Arqueólogos encontram indícios de 2.000 anos sobre mudanças no nível do mar destruindo sociedades

Um sambaqui no Brasil. (Mccampestrini / Creative Commons 3.0)

Os arqueólogos relacionaram o aumento e a redução do nível do mar no Oceano Atlântico aos fluxos e refluxos de civilizações antigas no sul do Brasil.

As descobertas, que incorporam várias linhas de evidências arqueológicas anteriores, sugerem que mesmo comunidades costeiras grandes, resilientes e cooperativas podem facilmente desaparecer com a maré.

Ao analisar e datar uma série de ‘montanhas’ de conchas pré-históricas, conhecidas como sambaquis na língua local, os pesquisadores notaram algumas mudanças significativas no sudoeste do Brasil há cerca de 2.500 anos.

Nessa época, o tamanho e a frequência dos sítios de sambaqui começaram repentinamente a diminuir, possivelmente indicando a dissolução do que foram, por milênios, populações densa e estável comedores de moluscos.

Outras pesquisas na área também identificaram uma rápida redução nos sambaquis nessa época, mas alguns pesquisadores acreditam que essas mudanças ocorreram principalmente com o surgimento de cerâmicas e plantações. O uso dessa nova tecnologia fez com que as populações não precisassem depender tanto de peixes ou moluscos, levando a uma redução nas pilhas de conchas.

No entanto, o novo estudo descobriu que o declínio de sambaquis começou antes da introdução da cerâmica. Então, por que as práticas do sambaqui foram abandonadas?

A resposta pode ter a ver com uma maré extrema e recuando. Ao reavaliar os restos mortais de humanos e animais da Baía da Babitonga – lar da maior concentração de sambaquis do Brasil – os pesquisadores propuseram um novo cronograma.

Baía da Babitonga – na região de Joinville e Sao Francisco do Sul em SC

De acordo com mais de 400 datas de radiocarbono, a disseminação da cerâmica em Babitonga provavelmente começou há cerca de 1.200 anos.

O declínio das atividades do sambaqui, por outro lado, começou muito antes, há cerca de 2.500 anos, antes de levar a um “abandono dramático” há cerca de 2.200 anos.

Nesta época, conhecido como Holoceno Tardio, os dados polínicos, sedimentares e geoquímicos da baía mostram mudanças significativas nos ecossistemas costeiros e marinhos.

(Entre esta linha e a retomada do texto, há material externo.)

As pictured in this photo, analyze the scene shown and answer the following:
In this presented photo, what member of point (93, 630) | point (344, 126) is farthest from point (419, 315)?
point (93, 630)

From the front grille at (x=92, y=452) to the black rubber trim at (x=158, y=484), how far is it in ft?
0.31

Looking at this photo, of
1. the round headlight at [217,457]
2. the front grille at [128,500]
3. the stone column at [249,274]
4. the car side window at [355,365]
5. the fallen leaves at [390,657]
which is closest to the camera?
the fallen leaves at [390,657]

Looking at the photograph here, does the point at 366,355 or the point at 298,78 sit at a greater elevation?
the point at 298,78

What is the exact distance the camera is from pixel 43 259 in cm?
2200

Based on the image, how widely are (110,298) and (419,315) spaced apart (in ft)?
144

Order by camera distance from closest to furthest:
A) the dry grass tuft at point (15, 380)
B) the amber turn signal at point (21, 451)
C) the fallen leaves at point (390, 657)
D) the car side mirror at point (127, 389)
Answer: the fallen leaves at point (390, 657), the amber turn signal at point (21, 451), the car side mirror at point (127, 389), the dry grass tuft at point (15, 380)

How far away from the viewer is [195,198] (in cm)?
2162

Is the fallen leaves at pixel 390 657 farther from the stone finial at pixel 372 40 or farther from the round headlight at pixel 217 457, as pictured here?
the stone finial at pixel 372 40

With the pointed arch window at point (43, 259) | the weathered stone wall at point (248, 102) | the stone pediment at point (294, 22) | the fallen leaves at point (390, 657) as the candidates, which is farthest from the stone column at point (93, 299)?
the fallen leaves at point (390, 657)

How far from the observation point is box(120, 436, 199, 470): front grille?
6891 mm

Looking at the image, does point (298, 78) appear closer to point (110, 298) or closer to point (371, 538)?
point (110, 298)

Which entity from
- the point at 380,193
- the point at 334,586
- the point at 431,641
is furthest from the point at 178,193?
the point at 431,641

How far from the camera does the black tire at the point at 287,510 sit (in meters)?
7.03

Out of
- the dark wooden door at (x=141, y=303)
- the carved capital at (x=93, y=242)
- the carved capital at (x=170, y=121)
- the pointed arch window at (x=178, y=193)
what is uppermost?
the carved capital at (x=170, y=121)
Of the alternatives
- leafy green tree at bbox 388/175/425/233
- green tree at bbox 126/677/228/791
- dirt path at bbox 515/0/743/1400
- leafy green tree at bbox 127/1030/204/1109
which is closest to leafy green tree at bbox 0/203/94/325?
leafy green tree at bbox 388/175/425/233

As frentes frias no sul do Brasil estavam se tornando mais comuns e, à medida que mais água começava a congelar, o nível do mar também estava recuando.

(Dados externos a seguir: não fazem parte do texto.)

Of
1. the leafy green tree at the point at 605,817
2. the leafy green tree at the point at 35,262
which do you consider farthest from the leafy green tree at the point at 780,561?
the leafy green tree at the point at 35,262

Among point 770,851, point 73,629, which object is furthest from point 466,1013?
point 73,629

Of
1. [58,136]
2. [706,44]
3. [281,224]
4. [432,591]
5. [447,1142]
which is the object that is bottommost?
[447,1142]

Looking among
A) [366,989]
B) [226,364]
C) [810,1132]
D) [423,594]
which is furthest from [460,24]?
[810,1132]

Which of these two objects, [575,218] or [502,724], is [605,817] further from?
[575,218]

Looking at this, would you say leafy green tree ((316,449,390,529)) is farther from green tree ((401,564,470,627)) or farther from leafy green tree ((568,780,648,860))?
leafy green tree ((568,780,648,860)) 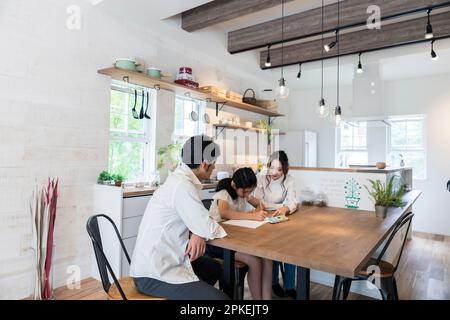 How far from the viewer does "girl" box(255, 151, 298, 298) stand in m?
2.53

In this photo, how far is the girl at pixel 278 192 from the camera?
8.30 feet

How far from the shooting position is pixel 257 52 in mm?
4984

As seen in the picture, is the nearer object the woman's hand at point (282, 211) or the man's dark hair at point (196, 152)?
the man's dark hair at point (196, 152)

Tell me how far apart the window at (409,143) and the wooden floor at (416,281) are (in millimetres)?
1529

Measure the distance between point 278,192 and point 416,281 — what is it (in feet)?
5.84

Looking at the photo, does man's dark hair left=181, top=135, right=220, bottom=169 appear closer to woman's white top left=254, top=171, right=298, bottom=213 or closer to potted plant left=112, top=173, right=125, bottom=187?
woman's white top left=254, top=171, right=298, bottom=213

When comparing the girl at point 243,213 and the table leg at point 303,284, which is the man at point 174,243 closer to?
the table leg at point 303,284

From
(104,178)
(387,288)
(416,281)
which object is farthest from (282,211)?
(416,281)

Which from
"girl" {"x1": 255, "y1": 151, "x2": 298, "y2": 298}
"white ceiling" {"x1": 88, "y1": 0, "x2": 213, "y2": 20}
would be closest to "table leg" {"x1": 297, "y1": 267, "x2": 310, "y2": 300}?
"girl" {"x1": 255, "y1": 151, "x2": 298, "y2": 298}

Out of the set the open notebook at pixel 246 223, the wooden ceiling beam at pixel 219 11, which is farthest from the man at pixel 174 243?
the wooden ceiling beam at pixel 219 11

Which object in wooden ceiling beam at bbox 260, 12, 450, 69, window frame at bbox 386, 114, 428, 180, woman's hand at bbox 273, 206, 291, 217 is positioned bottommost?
woman's hand at bbox 273, 206, 291, 217

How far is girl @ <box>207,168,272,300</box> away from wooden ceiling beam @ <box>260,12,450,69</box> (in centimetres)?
298

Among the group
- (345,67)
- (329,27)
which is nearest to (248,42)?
(329,27)

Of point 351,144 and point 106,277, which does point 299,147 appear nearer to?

Há mil anos, o nível do mar no sul do Brasil havia caído 1,6 metros de seu pico, cerca de 7.000 anos atrás.

Isso levou a um número significativamente maior de terras áridas e sistemas de mangue, o que provavelmente impactou a disponibilidade de moluscos subtidais, áreas de pesca e plantas comestíveis. Populações pré-históricas que antes dependiam tanto desses alimentos tiveram de competir repentinamente por recursos cada vez menores.

“Este evento possivelmente representa uma virada na natureza baseada na comunidade e no agrupamento de recursos de grandes locais cerimoniais, que se tornariam insustentáveis na maioria das áreas”, sugerem os autores do artigo.

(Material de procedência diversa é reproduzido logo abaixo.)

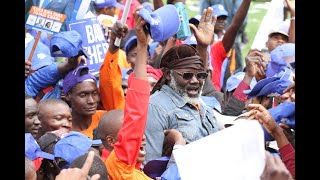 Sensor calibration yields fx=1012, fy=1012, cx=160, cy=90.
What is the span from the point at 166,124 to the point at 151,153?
0.27 meters

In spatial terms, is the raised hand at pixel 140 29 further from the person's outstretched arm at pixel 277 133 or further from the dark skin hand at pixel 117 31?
Answer: the dark skin hand at pixel 117 31

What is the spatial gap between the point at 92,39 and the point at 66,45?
37.4 inches

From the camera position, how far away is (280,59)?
8.52 metres

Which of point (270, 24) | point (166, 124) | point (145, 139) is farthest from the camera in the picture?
point (270, 24)

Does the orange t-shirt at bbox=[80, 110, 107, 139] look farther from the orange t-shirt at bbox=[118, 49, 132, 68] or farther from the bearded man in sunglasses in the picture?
the orange t-shirt at bbox=[118, 49, 132, 68]

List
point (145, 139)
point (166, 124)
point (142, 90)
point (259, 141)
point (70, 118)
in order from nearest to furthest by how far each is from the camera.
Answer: point (259, 141) < point (142, 90) < point (145, 139) < point (166, 124) < point (70, 118)

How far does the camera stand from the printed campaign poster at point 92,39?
8.30 metres

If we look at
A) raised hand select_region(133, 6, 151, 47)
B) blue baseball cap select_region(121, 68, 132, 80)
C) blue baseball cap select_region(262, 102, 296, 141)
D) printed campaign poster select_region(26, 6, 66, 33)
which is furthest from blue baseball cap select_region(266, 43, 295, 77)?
raised hand select_region(133, 6, 151, 47)

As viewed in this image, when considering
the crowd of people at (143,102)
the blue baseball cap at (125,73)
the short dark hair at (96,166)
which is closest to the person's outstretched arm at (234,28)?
the crowd of people at (143,102)

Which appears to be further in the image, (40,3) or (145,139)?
(40,3)

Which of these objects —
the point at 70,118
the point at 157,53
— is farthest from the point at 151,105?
the point at 157,53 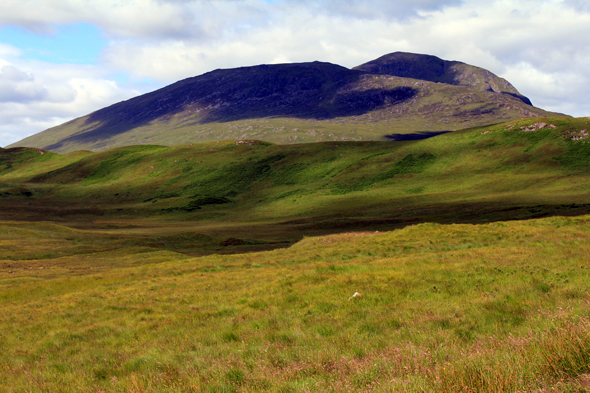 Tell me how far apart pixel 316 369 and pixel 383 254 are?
22439 millimetres

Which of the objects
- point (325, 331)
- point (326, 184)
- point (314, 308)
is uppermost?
point (326, 184)

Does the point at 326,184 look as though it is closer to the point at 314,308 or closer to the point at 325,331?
the point at 314,308

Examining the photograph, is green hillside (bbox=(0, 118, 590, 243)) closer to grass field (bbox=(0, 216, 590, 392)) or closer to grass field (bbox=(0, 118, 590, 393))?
grass field (bbox=(0, 118, 590, 393))

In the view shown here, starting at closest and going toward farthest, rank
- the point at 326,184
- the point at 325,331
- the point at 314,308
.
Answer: the point at 325,331 → the point at 314,308 → the point at 326,184

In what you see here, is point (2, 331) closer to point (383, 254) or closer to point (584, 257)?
point (383, 254)

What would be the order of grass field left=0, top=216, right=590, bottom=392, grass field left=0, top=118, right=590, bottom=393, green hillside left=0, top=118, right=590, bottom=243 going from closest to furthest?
1. grass field left=0, top=216, right=590, bottom=392
2. grass field left=0, top=118, right=590, bottom=393
3. green hillside left=0, top=118, right=590, bottom=243

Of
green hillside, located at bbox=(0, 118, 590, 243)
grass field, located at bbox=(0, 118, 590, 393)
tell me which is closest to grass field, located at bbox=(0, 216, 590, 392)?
grass field, located at bbox=(0, 118, 590, 393)

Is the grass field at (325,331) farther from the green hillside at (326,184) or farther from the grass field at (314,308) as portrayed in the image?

“Como resultado, vários grupos nucleados teriam se dissolvido em unidades sociais menores, dispersas e relativamente independentes, organizadas em assentamentos residenciais e logísticos de curta duração que são notoriamente menos visíveis do ponto de vista arqueológico.”

A ruptura desse tecido social é ainda sustentada por um número crescente de sítios arqueológicos pequenos e rasos de cerca de 2.000 anos atrás.

Esses locais mais recentes também têm maior probabilidade de conter anzóis com isca para a captura de peixes em águas mais profundas e cerâmica para manter os alimentos por mais tempo.

Reunindo todas essas linhas de evidência, os autores sugerem que houve vários impulsionadores culturais que exacerbaram as mudanças sociais no sul do Brasil há milhares de anos, mas que o gatilho inicial provavelmente foi a mudança climática.

O declínio da ingestão de moluscos devido ao recuo da maré poderia ter criado o ambiente perfeito para a introdução de cerâmica e anzóis com isca.

Essas descobertas fornecem às sociedades de hoje uma lição importante: somos tão sólidos quanto a terra em que dependemos e, em breve, muito desse terreno poderá ser perdido.

A mudança climática antropogênica deve elevar o nível do mar em cerca de 0,3 metros (12 polegadas) até o final do século, em comparação com o início do século. Praticamente, isso significa que cerca de metade das praias arenosas do nosso planeta podem deslizar sob as ondas.

Quando mais de um terço da população global atual depende fortemente dos recursos oceânicos, costeiros e marinhos, as consequências para muitas comunidades podem ser catastróficas.